Les travaux de la commission Charbonneau et la controverse entourant les débuts de l'industrie des hydrocarbures au Québec se rejoignent sur un point : l'absence de transparence et la faiblesse de nos mécanismes d'accès à l'information ouvrent la porte à toutes sortes d'abus.

Ainsi, notre dite « loi sur l'accès à l'information » empêche la divulgation des avis, recommandations et analyses des fonctionnaires (provinciaux et municipaux) lorsqu'ils étudient un appel d'offres, une soumission ou une demande de certificat d'autorisation en matière environnementale.

Par exemple, on ne peut obtenir les grilles d'évaluation utilisées et les procès-verbaux des réunions tenues par les comités d'évaluation des soumissions ou l'avis des biologistes du ministère de l'Environnement relativement à une demande de construction dans un milieu humide par un promoteur immobilier.
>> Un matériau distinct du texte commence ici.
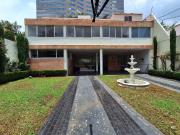 Casa en venta para remodelar en Jardines del Pedregal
Impossible donc de savoir si le maire ou le ministre a choisi une option qui n'était pas celle recommandée et de lui demander de nous expliquer pourquoi il a écarté l'avis des services spécialisés.
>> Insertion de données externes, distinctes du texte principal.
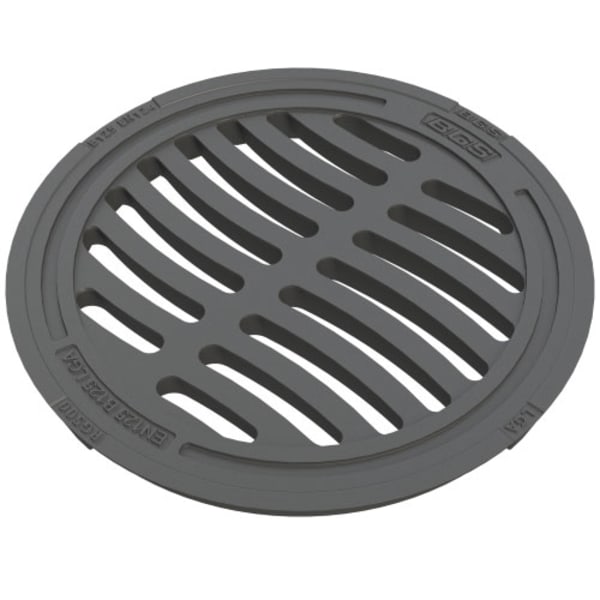 BGS Figur 635-thumbnail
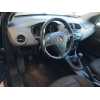 fiat bravo ii (198_) del año 2010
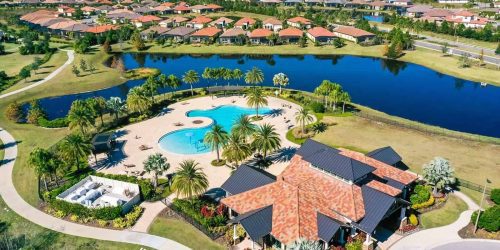 Lakewood-Ranch-Florida.jpg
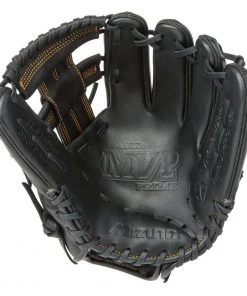 Mizuno MVP Prime Infield Baseball Glove 11.5" Team Sports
Nous payons pour maintenir une fonction publique compétente, mais nous ne pouvons savoir ce qu'elle pense, sauf si le ministre ou le maire en décide autrement. Quand ça fait leur affaire...

De même, les exceptions de la Loi sur l'accès concernant « les renseignements fournis par des tiers et pouvant avoir un impact sur l'économie » empêchent de connaître ce qu'Hydro-Québec a obtenu de Pétrolia pour lui avoir cédé ses droits sur l'île d'Anticosti ou de savoir la composition et les produits chimiques utilisés par l'industrie du gaz de schiste (et du pétrole demain).
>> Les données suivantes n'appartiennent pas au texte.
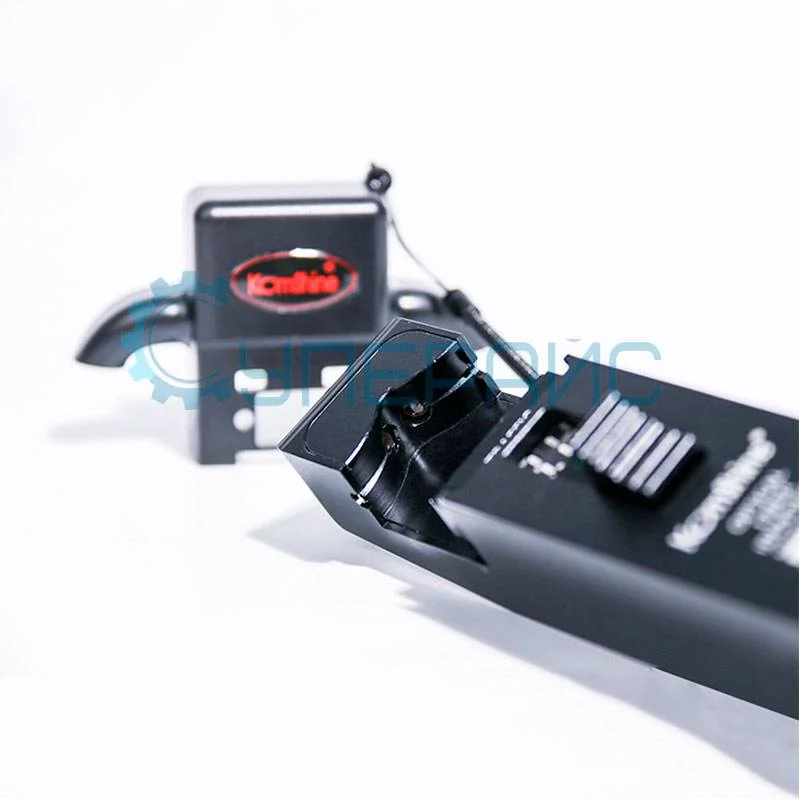 Идентификатор активного волокна KomShine KFI-35 фото 3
Même les conditions d'autorisation d'un projet à la suite des audiences publiques du BAPE peuvent être gardées secrètes si le décret gouvernemental renvoie à des documents fournis par l'entreprise, ce qui est généralement le cas. Il devient alors impossible d'utiliser le droit qui est reconnu à tous au Québec, soit celui de prendre une injonction « pour faire respecter les conditions d'autorisation d'un projet » puisqu'on ne connaît même pas ces conditions! Même les municipalités ne peuvent obtenir les conditions d'autorisation environnementale de projets situés sur leur territoire et il n'est pas surprenant que Gaspé ait récemment décidé d'adopter un règlement municipal visant, entre autres, à obtenir des informations gardées secrètes en vertu de lois provinciales.

Par ailleurs, la Loi sur les mines et la Loi concernant les droits sur les mines contiennent des dispositions qui rendent secrets différents rapports obligatoirement remis à l'État concernant les redevances minières versées ou divers travaux pouvant avoir des impacts environnementaux et sociaux. Impossible de savoir ce qu'une entreprise a versé en redevances et si ce montant est conforme aux exigences de la loi ainsi qu'aux divers discours entendus sur la place publique. Comment tenir une discussion publique intelligente sur ces questions sans un égal accès aux données?

Un gouvernement voulant sérieusement s'attaquer à la corruption et viser une meilleure protection de l'environnement devrait procéder à une profonde réforme de notre loi sur l'accès à l'information et privilégier un égal accès à l'information pour tous. Nos débats publics, nos finances publiques et nos ressources collectives ont besoin de plus de transparence. Le gouvernement, même minoritaire, devrait être capable de faire évoluer le Québec en ce sens. En a-t-il la volonté?